(Excerpted records Opens)

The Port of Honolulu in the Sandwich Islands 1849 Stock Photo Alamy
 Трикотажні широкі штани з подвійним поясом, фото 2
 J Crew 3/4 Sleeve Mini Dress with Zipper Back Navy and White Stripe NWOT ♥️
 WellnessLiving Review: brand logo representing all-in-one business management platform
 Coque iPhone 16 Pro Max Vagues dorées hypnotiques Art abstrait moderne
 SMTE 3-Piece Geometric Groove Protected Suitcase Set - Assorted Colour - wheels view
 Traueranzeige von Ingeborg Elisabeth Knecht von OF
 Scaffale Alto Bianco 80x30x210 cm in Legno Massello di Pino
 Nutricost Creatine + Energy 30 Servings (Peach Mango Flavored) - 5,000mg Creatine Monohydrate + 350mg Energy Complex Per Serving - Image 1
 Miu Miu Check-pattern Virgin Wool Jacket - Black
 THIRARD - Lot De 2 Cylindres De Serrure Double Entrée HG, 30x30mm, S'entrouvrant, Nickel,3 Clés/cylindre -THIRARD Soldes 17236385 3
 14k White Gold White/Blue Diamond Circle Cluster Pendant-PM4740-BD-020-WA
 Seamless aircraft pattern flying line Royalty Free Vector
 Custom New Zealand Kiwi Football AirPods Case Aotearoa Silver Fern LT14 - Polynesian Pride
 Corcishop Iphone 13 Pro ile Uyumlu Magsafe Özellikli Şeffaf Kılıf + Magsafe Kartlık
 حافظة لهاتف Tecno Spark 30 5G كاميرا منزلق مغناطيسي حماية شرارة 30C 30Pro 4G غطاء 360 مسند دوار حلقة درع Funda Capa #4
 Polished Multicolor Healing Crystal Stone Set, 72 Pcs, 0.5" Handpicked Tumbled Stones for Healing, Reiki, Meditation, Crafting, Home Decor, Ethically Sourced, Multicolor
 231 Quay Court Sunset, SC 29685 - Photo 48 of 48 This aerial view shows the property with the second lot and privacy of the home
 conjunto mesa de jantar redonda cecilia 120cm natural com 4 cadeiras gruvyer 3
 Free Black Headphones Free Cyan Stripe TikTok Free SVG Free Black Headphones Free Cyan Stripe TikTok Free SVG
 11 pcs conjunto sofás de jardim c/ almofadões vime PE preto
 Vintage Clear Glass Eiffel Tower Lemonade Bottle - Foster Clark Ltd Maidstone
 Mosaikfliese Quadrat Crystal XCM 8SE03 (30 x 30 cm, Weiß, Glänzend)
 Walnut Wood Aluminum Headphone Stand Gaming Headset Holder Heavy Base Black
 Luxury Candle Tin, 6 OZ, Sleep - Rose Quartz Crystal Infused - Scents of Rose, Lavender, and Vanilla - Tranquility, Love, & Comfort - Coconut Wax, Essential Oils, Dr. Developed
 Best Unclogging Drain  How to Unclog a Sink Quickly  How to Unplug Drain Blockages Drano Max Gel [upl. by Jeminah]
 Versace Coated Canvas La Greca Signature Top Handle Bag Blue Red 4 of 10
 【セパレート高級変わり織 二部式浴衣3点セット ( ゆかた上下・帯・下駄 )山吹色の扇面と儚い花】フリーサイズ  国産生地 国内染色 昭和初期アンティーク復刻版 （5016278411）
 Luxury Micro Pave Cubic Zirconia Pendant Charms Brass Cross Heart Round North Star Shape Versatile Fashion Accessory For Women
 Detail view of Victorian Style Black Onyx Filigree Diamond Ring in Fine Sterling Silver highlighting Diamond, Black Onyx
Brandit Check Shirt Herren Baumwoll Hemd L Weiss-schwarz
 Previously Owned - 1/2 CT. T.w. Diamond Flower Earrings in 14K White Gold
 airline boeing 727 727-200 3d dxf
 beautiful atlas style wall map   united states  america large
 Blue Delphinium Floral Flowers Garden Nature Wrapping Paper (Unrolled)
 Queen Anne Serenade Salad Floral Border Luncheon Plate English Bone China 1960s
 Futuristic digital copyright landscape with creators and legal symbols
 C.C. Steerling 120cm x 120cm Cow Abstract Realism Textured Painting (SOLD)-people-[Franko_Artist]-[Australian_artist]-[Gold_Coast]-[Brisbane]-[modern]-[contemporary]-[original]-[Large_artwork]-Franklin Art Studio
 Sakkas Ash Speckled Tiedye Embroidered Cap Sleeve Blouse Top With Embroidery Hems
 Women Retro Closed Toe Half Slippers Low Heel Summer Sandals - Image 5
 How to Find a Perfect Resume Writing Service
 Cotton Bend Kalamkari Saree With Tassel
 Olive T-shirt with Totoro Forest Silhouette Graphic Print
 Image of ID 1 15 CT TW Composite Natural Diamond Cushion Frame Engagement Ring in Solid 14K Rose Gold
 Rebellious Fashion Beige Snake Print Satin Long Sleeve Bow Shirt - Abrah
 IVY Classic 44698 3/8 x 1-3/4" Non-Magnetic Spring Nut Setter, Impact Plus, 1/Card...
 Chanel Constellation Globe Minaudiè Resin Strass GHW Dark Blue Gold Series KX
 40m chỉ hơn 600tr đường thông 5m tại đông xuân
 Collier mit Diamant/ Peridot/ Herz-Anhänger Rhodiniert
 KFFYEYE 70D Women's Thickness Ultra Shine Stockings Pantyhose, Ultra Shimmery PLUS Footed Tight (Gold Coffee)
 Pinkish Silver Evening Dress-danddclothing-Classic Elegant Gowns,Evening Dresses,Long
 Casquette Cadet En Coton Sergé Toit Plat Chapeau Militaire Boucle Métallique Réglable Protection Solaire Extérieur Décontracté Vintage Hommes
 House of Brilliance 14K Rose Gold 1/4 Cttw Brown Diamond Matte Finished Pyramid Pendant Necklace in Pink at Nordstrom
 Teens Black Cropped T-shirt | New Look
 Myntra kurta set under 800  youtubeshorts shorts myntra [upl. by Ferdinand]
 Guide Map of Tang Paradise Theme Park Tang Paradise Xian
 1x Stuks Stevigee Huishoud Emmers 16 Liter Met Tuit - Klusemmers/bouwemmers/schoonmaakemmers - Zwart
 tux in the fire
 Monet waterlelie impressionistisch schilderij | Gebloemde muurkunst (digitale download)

(Excerpted records Closes)

What is the number of lines above that contain the string "Crystal"? Answer with the number alone.

3